Das Gesamtfahrzeug wiegt nun 60 kg und Prof. Walter ist sich sicher, dass durch weitere Optimierungsprozesse dieses Gewicht auf 40 kg reduziert werden kann. „Bei anderen Fahrzeugtypen haben Sie eine Gewichtsrelation zwischen Fahrer und Fahrzeug von 1:10/1:15. Wir streben mit der Weiterentwicklung des E-Quickie eine Relation von 1:2 an.“ Seine Feuertaufe hat das neue E-Mobil zwischenzeitlich bestanden: Am 19. und am 20. Mai d. J. hatten die Studierenden mit ihm an der Karlsruher E-Meile teilgenommen und 40 Runden auf der 222 Meter langen Leiterbahn gedreht.

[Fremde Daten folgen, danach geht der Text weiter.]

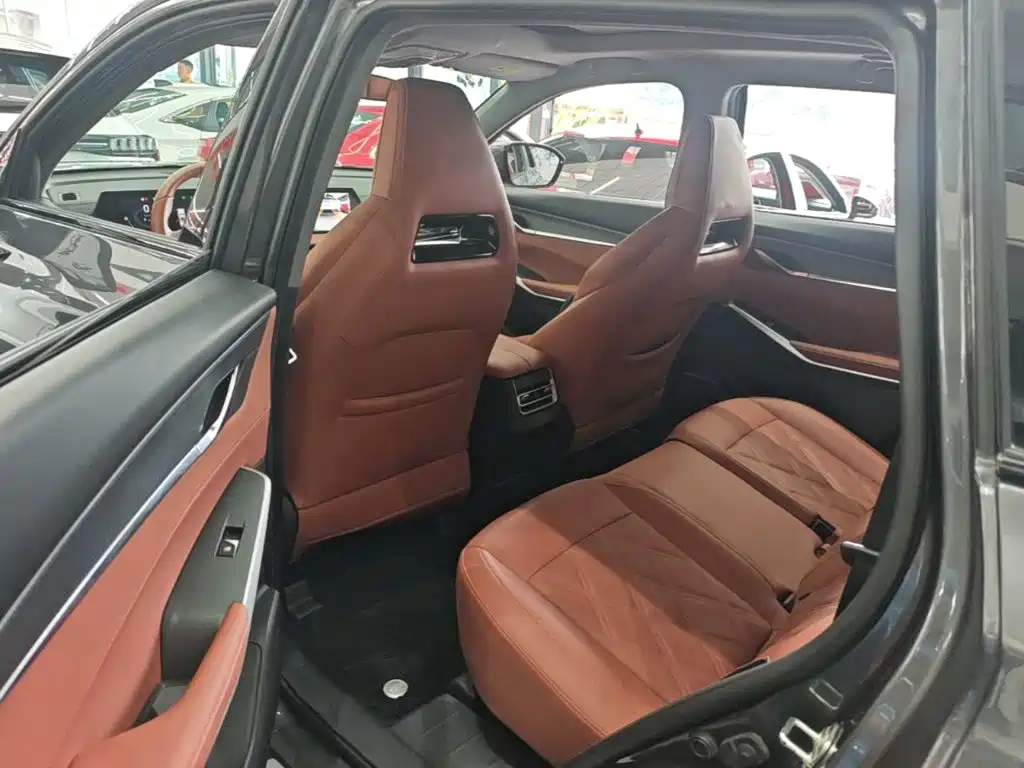 Changan CS75 PLUS 2023 — фото 17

„Dabei ging es uns nicht nur darum zu zeigen“, so Prof. Walter, „wie schnell man sich mit dem E-Quickie bewegen kann, sondern vor allem wie energieeffizient. Wir sind also mit halbvollen Batterien an den Start gegangen und mit vollen angekommen.“ Wozu eigentlich Batterien bei diesem System der Energieübertragung? Für den eigentlichen Antrieb benötigt das Fahrzeug keine Batterien. Sobald jedoch die elektrischen Leitungsbahnen verlassen werden, ist auch die Energieversorgung zum Motor unterbrochen. „Hier springen dann kleinere Akkumulatoren an Bord des E-Quickie als Energiepuffer ein“, so Prof. Jürgen Walter, „wenn es beispielsweise in die Garage gefahren wird.“
Das neue E-Mobil verfügt heute schon über eine ausgezeichnete Ökobilanz: Der Nabenmotor hat nur eine Leistungsaufnahme von 2 KW und trotzdem erreicht das Fahrzeug eine Geschwindigkeit von 50 km/h. Die eingesetzten Akkumulatoren dienen nur als Puffer, sind also wesentlich kleiner dimensioniert als bei Elektromobilen, die ihre Energie ausschließlich von diesen beziehen. Aber auch hier sieht Prof. Jürgen Walter noch weitere Entwicklungsmöglichkeiten für das E-Quickie. „Wir planen mit unserem Industriepartner SEW auf dem Hochschulcampus eine Teststrecke einzurichten, um die Alltagstauglichkeit des Systems zu untersuchen, aber auch um das Fahrzeug in Sachen Energiebedarf und Gewicht weiter zu optimieren.“ Sollte es sich dabei bewähren, sind für den Wissenschaftler weitere Strecken denkbar, beispielsweise von der Hochschule zum Schloss oder vom Stadtzentrum zum Forschungszentrum Karlsruhe (Campus KIT-Nord).
Aber auch an weitere Anwendungsgebiete wird schon gedacht. So könnte die drahtlose Energieübertragung auch dazu eingesetzt werden, um Mobiltelefone ohne Ladekabel aufzuladen oder den Transport von Gütern unterirdisch zu organisieren.